Strategy for developing a neural network using a small dataset

I have at hand a dataset of n = 500 patients that participated in a clinical trial (p = 7 predictors) and I would like to develop a survival neural network for competing risks and compare it with the cause-specific Cox model and the Fine-Gray model for this data. Since the sample size is small; I’m wondering which of the following approaches would be more appropriate:

a) Develop the neural network (hyperparameter tuning) with 5-fold cross validation on the entire dataset + validate the 3 models with bootstrapping on the original dataset, or
b) Develop the neural network with bootstrapping on the entire dataset + validate the 3 models with another seed of bootstrapping on the original dataset?

I like to avoid multi-step procedures when possible. In particular I’m not a fan of using both cross-validation and bootstrapping for the same problem. Choose one or the other. If using cross-validation consider 100 repeats of 10-fold cross-validation.

The trick with resampling methods if that you have to embed all supervised learning steps inside the resampling loop. This would include feature selection and search for tuning parameter values. These processes need to be repeated afresh for each loop.


Thanks a lot for your reply Prof Harrell. Say that I decide to bootstrap the original data B = 100 times, would I then use the bootstrapped samples (N = 500 each time) to develop the neural network over a grid of parameters and then validate its performance in the out-of-bag patients? Wouldn’t it be an issue that the final tuned model is different for each repeat of the procedure?

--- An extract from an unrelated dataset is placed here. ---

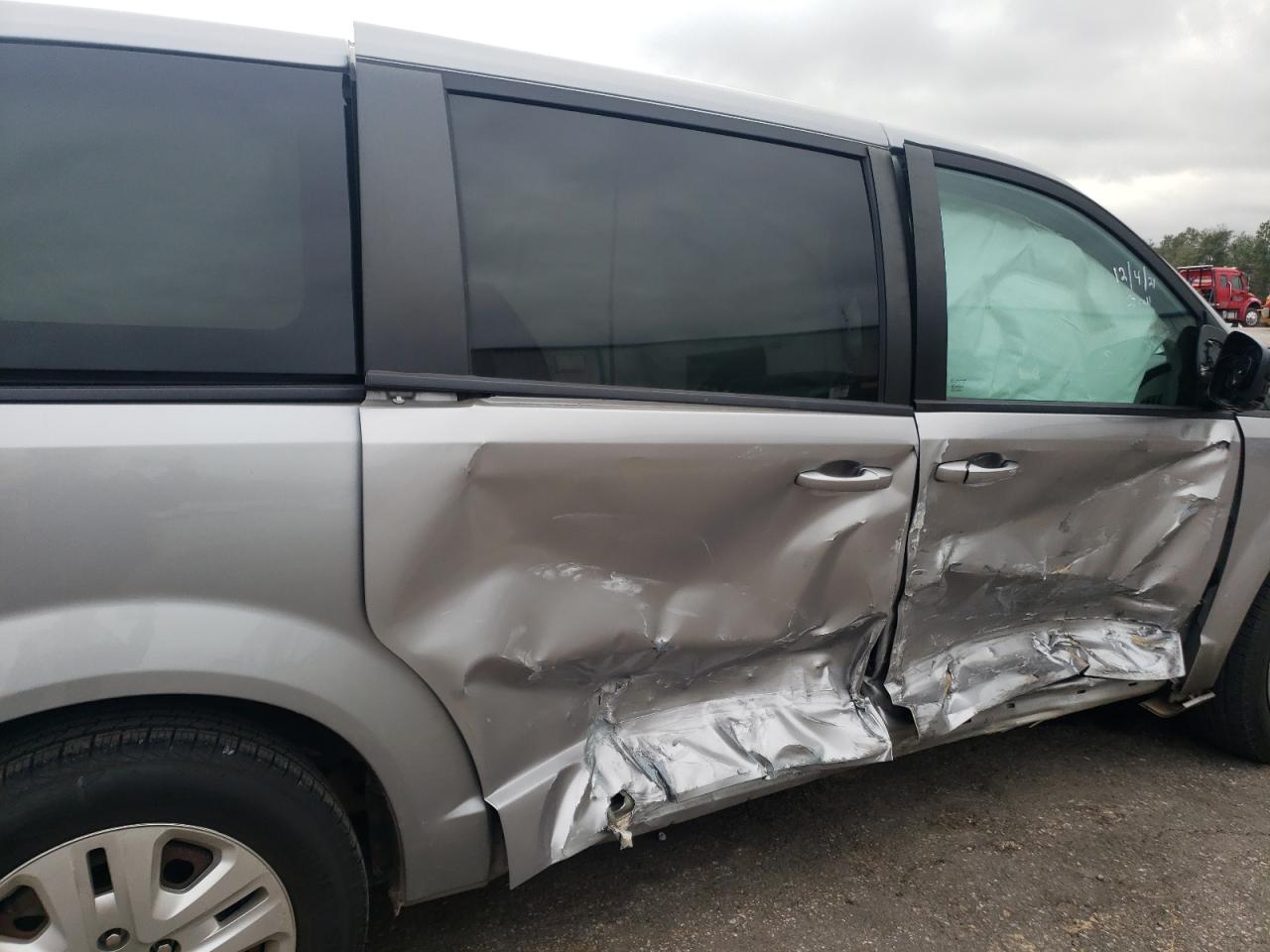 Photo 6 from auction – 2018 DODGE GRAND CARA with VIN 2C4RDGBG2JR324010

Regarding the 100 repeats of the 10-fold cross-validation, do you need to use a split sample approach (to create train and validation data 100 times) and then apply the 10-fold cross-validation on the train data and validate the final tuned model on the validation data? And again, wouldn’t it be an issue that the tuned model is different for each repeat of the procedure?

I’m not a fan of the way many machine learning experts think of 3 different samples. I want the empirical tuning parameter selection to be part of the outer look such that it is full replicated each time. And with 100 repeats of 10-fold CV you in effect fit models on 1000 different, overlapping, training samples.